Predicate Information (identified by operation id):
---------------------------------------------------

   3 - access("K"=HEXTORAW('B23375823AD741B3E0532900000A7499'))

I’ve read only 3 “Buffers” here. Thanks to the partitioning (PARTITION HASH SINGLE), each local index is small, with a root branch and a leaf block: 2 buffers read. This B*Tree index (INDEX UNIQUE SCAN) returns the physical address in the table (TABLE ACCESS BY LOCAL INDEX ROWID) in order to get the additional column.

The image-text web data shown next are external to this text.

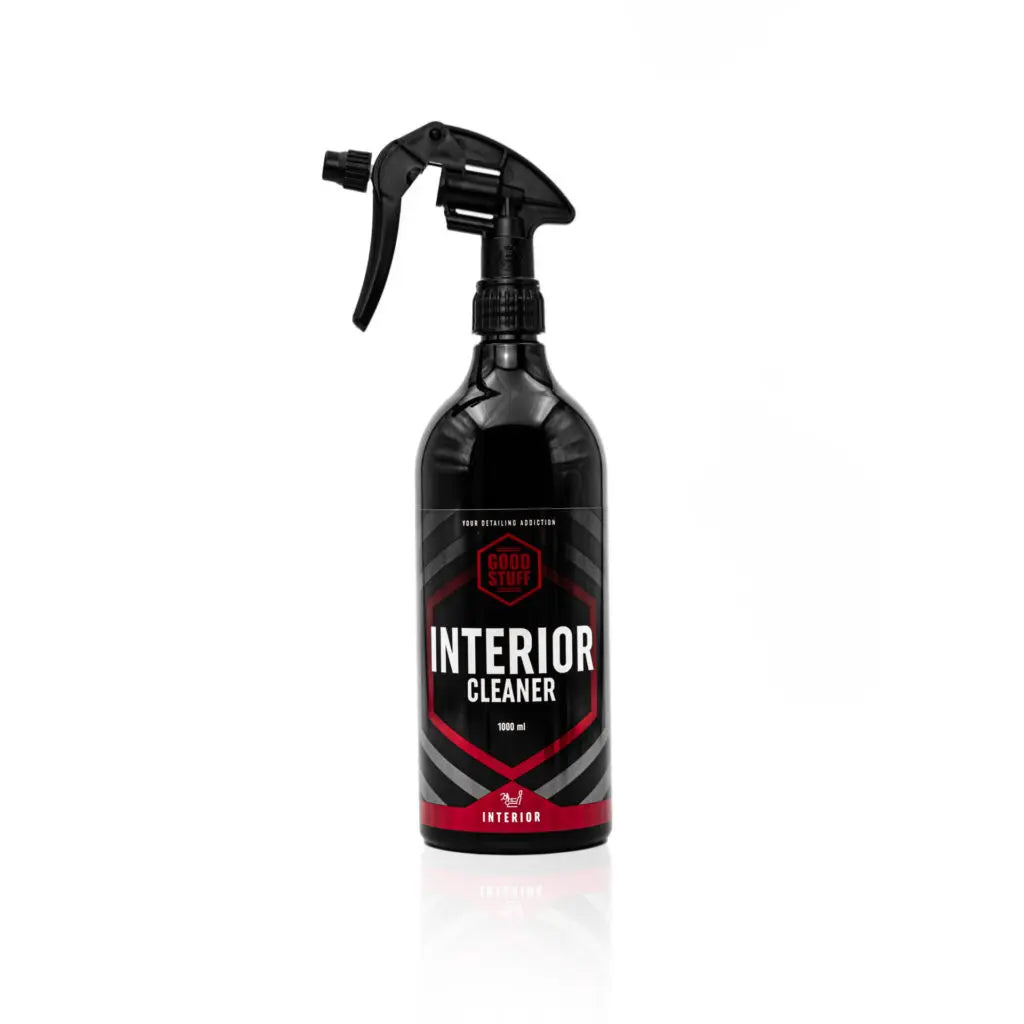 GOOD STUFF Interior Cleaner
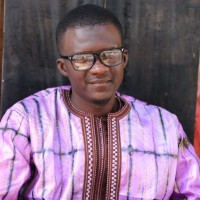 Ynk Touray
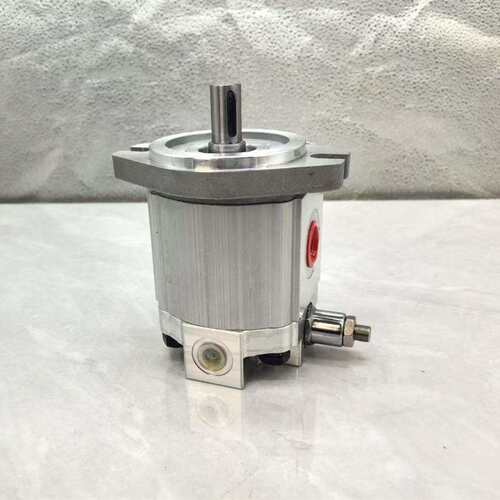 用于E216 E226 装载机液压泵风扇马达 188-0128 191-9663齿轮泵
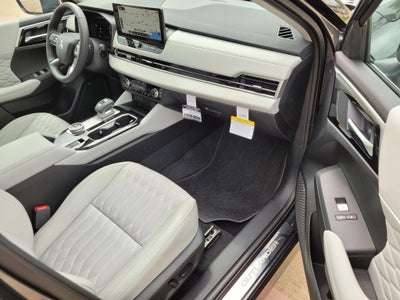 2026 Mitsubishi Outlander SEL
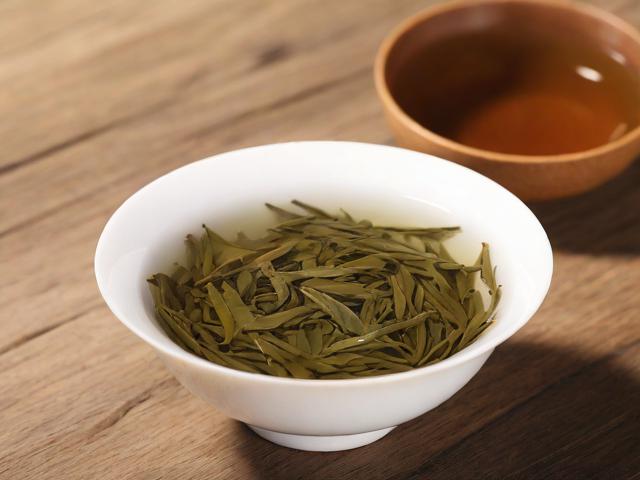 全面了解茶叶有多少种茶叶及各类茶叶的健康价值与选购技巧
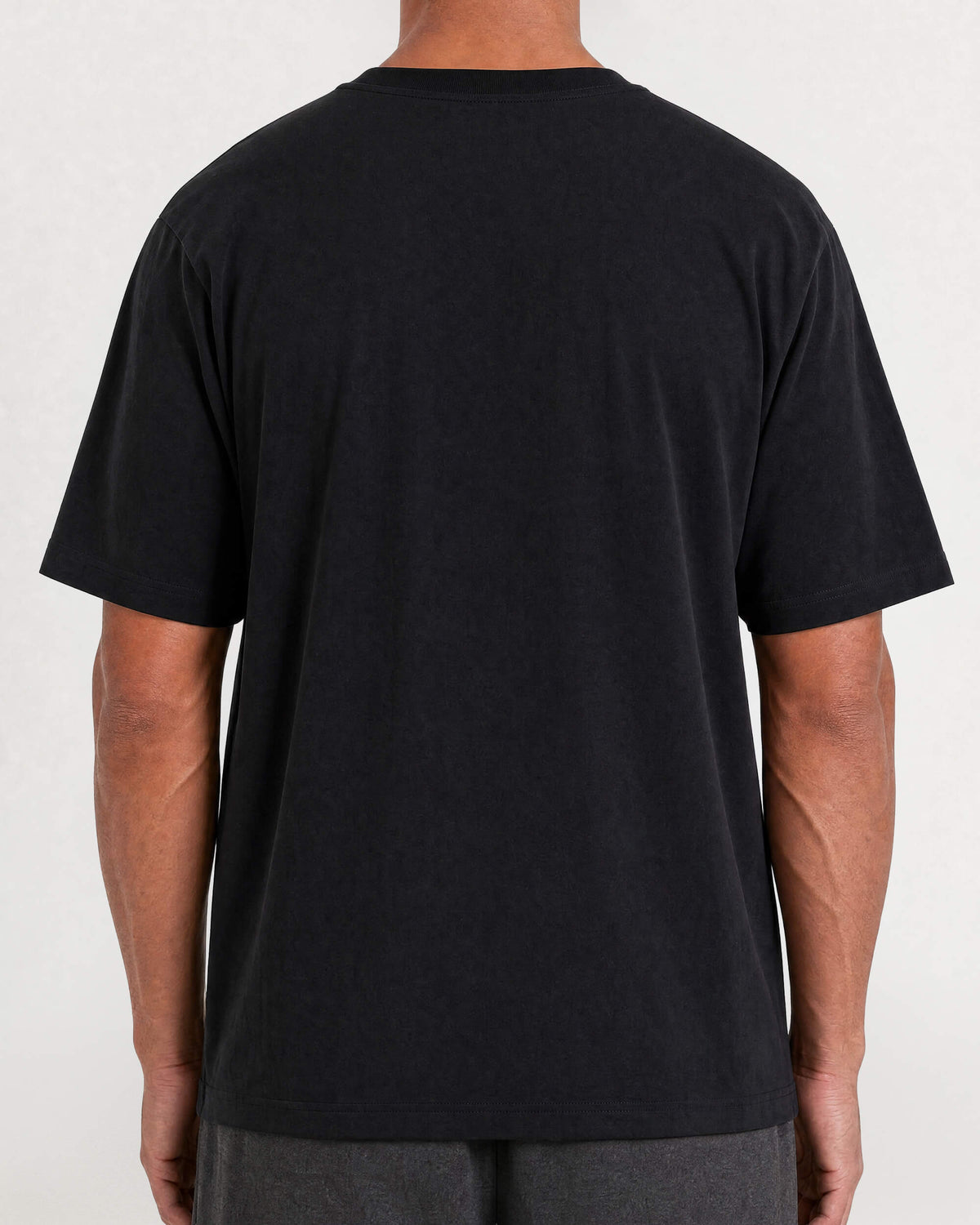 Champ Vision T-shirt - Black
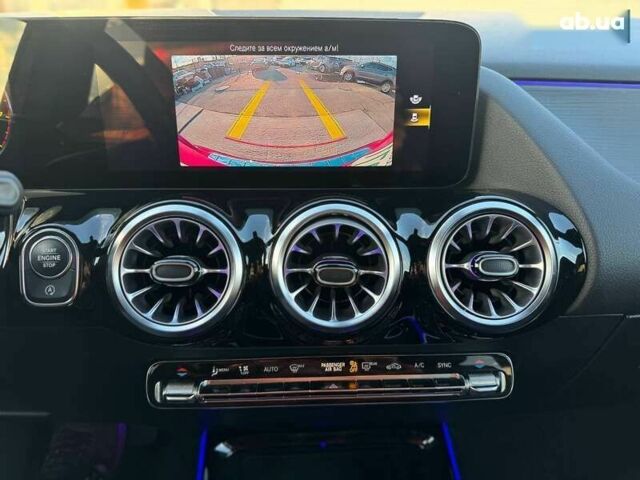 Мерседес ГЛА-Класс, объемом двигателя 2 л и пробегом 72 тыс. км за 27000 $, фото 17 на Automoto.ua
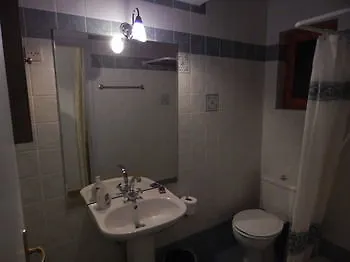 Pension Kasteli Chania 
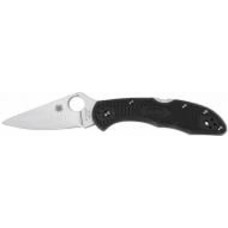Нож складной Spyderco Delica 4 Flat Ground 87.11.86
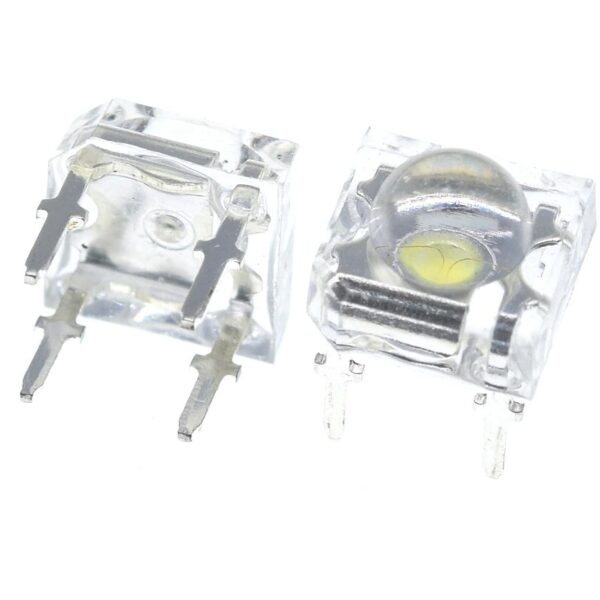 F5 Piranha LED 5mm - Image 3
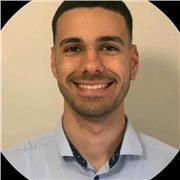 Soy recién graduado en Nanociencia y Nanotecnología y tendría interés en dar clases de matemáticas y química a niños de primaria y la ESO. Soy una persona educada, trabajadora y que siempre quiere crear el mejor ambiente posible.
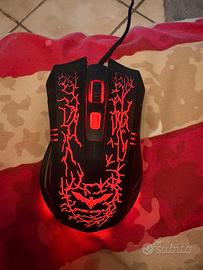 Mouse Gaming Magic Eagle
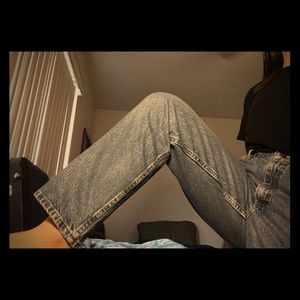 Vintage Lee Mom Jeans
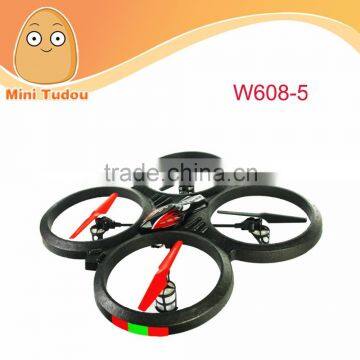 4.5CH rc aircraft quad copter big drone wholesale quadcopter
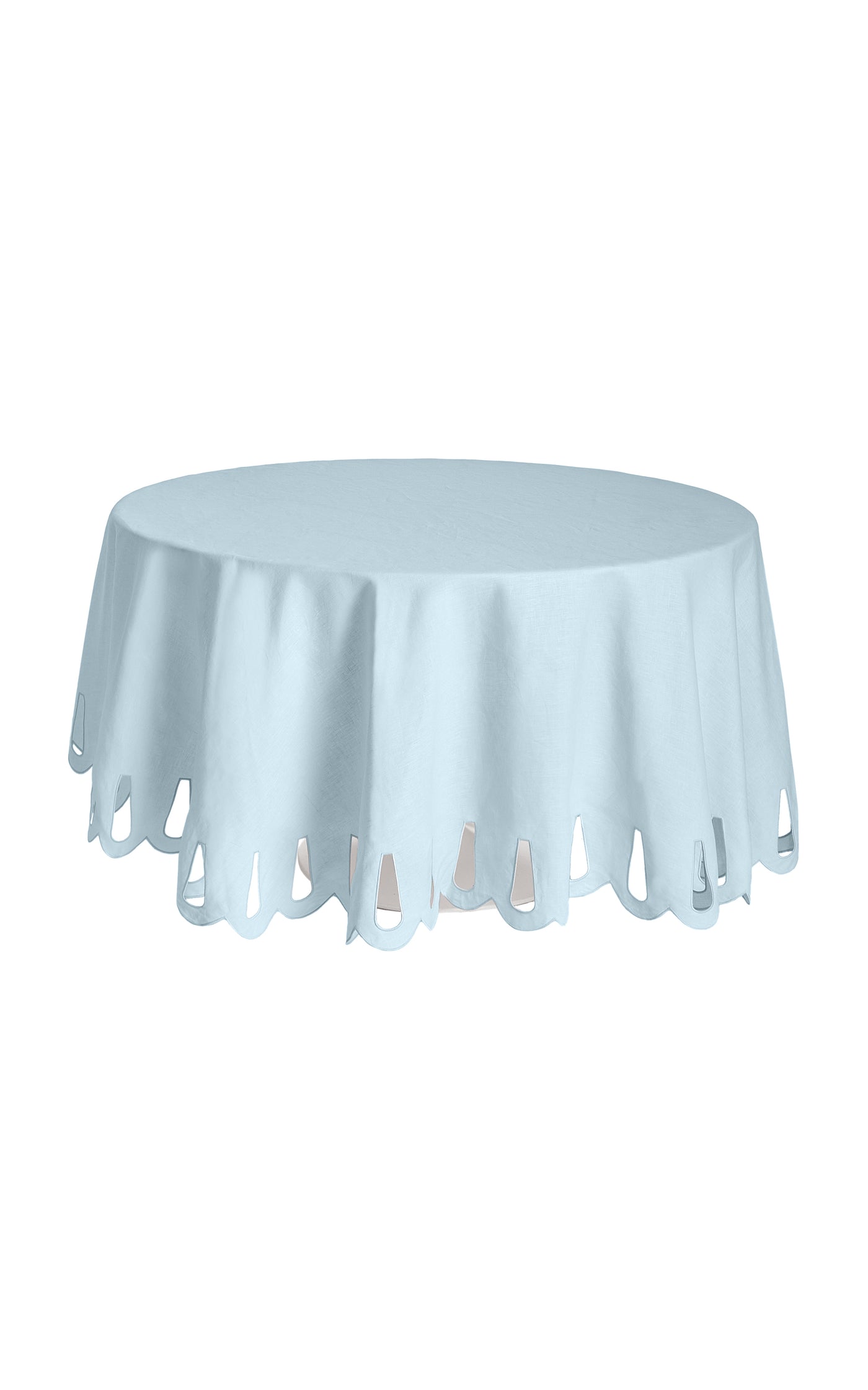 Linen Tablecloth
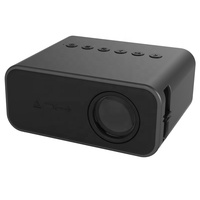 Projection Tv Lcd Led Home Cinéma 4k Meilleure Petite Vidéo Intelligente Led Mobile Laser Mini Projecteur Pour Téléphone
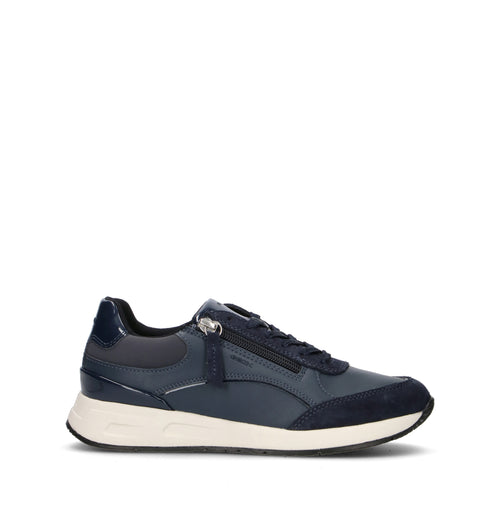 GEOX Sneaker donna blu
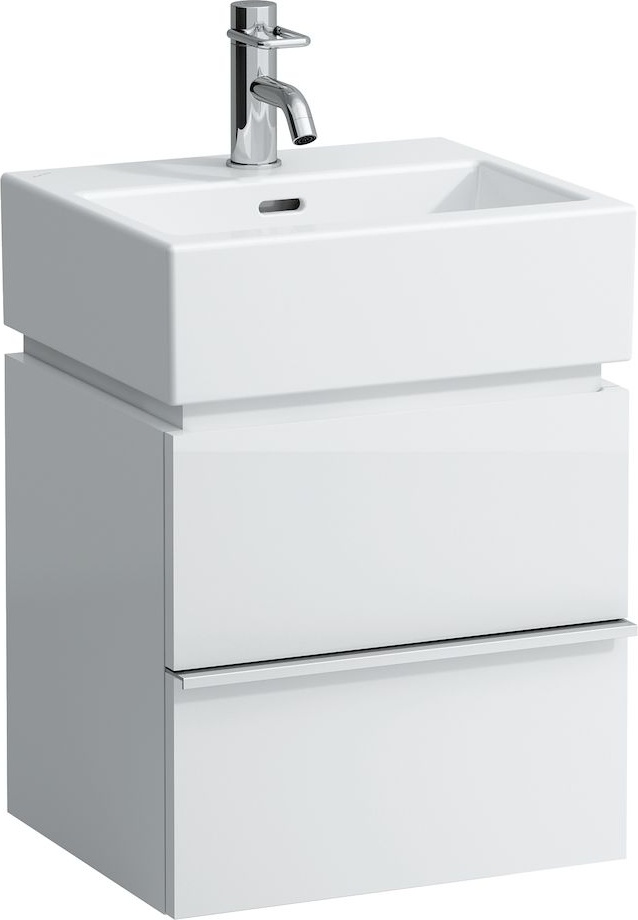 H4011120754751 Шкафчик с 2 ящиками для раковины 815432 LAUFEN PRO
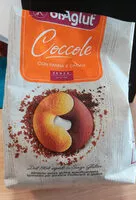 Mängden socker i Coccole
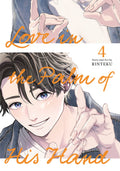Love In The Palm Of His Hand 04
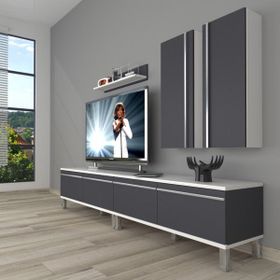 Decoraktiv Eko 5200T MDF TV Ünitesi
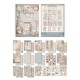 Junk Journal Coffee and Tea de Papers for you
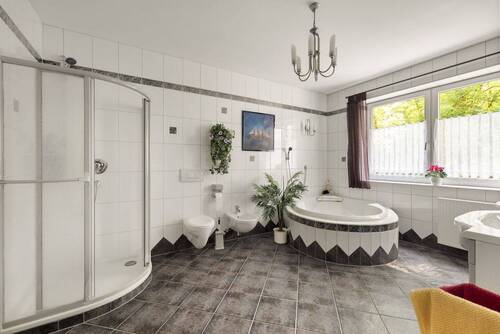 Badezimmer 1.OG - 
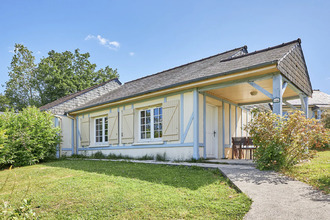  maison branville 14430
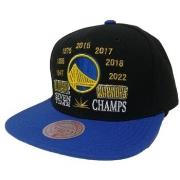 Casquette Mitchell And Ness -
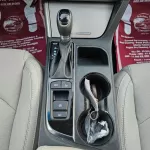 HYUNDAI SONATA FULL OPTION LIMITED 2.4L 4CY 2017 - Thumbnail 21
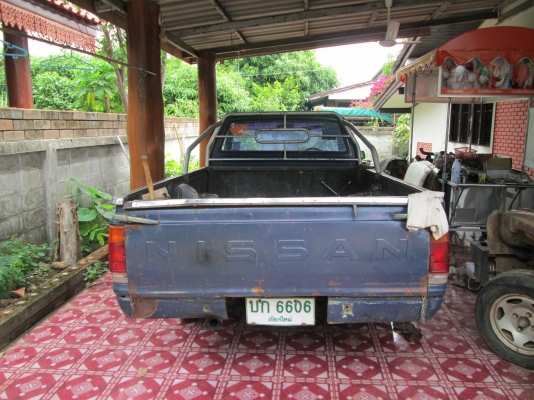 ขาย รถกระบะใช้งาน 720 5 ขอ ขาย รถกระบะใช้งาน 720 5 ขอ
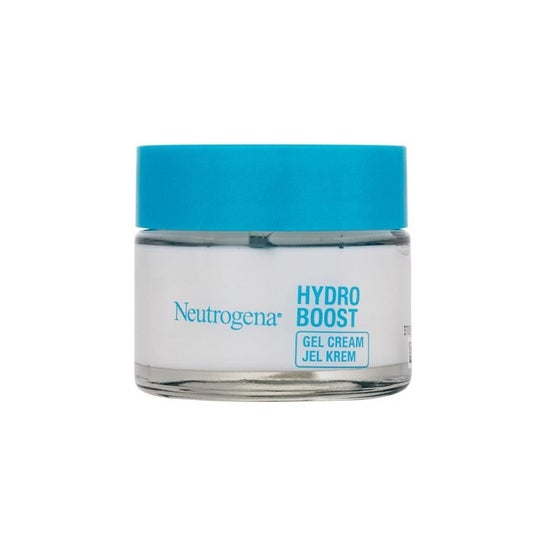Neutrogena Hydro Boost Crème Gel 50ml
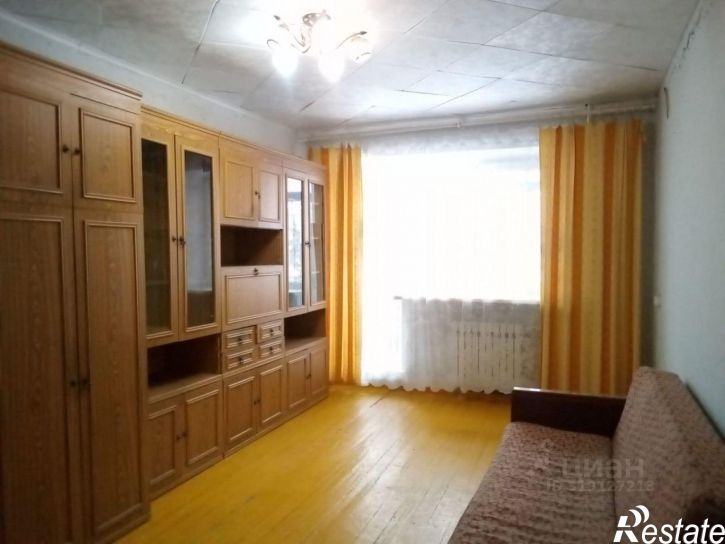 2-комн квартира Алтайская улица, 108,  д. 108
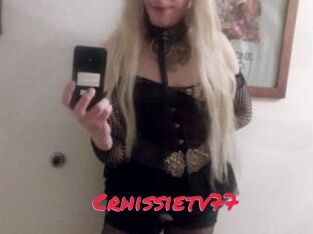 Crhissietv77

Finally, I insert one row:


SQL> set timing on autotrace on
SQL> insert into BIG values(hextoraw('1D15EA5E8BADF00D8BADF00DFF'),utl_raw.cast_to_raw(dbms_random.string('p',1024)));

1 row created.

Elapsed: 00:00:00.04

This takes 40 milliseconds

Update 22-APR-2020

I got questions about this. Of course this platform was not suited at this workload. It was just what I had access to play with enough capacity. The point was just about the scalability of key-value access, whatever the size of the table. This was an Exadata X6-2 Elastic Rack HC 8TB, which means 7,200 RPM disks with just few flash cards for cache. This is why the response time is in milliseconds. Today, in X8 or X8M, this would be full SSD access, or PMEM.

The autotrace shows what is behind:


Execution Plan
----------------------------------------------------------

---------------------------------------------------------------------------------
| Id  | Operation                | Name | Rows  | Bytes | Cost (%CPU)| Time     |
---------------------------------------------------------------------------------
|   0 | INSERT STATEMENT         |      |     1 |  1177 |     1   (0)| 00:00:01 |
|   1 |  LOAD TABLE CONVENTIONAL | BIG  |       |       |            |          |
---------------------------------------------------------------------------------

Statistics
----------------------------------------------------------
          1  recursive calls
          8  db block gets
          1  consistent gets
          7  physical reads
       1864  redo size
        872  bytes sent via SQL*Net to client
       1048  bytes received via SQL*Net from client
          3  SQL*Net roundtrips to/from client
          1  sorts (memory)
          0  sorts (disk)
          1  rows processed

There are a few blocks to maintain (db block gets) when adding a new entry into a B*Tree index, especially when there are some blocks to split to allocate more space in the tree. In RDBMS you should categorize the data ingestion into:

high throughput for big data, like metrics and logs from IoT, with the rate of bulk inserts as I did to fill-in the table
fast response time to put one of few items and this is milliseconds, scaling thanks to local index partitioning

I’m talking about the roots of NoSQL here: providing the simplest key-value access in order to scale. But the most advanced NoSQL managed services went further, pushing the data ingest performance with LSM (log-structured merge) indexes rather than B*Tree in-place index maintenance. They have also implemented many features to autonomously maintain the partitions at their best for storage, performance and high availability. This presentation explains a few in the context of AWS DynamoDB:

With DynamoDB you can’t get the execution plan, but you can ask for the ConsumedCapacity to be returned with the result. This helps to validate your understanding of the data access even without running on huge volume and expensive provisioned capacity. This is what I did in https://www.dbi-services.com/blog/rdbms-scales-the-algorithm/ measuring the linear increase of RCU on a small 2 million items table, which is sufficient to extrapolate to larger data sets. Key-value access always scales in this way: response time remains constant when data grows. And It can remain constant when the users grow as well, by splitting partitions to more storage.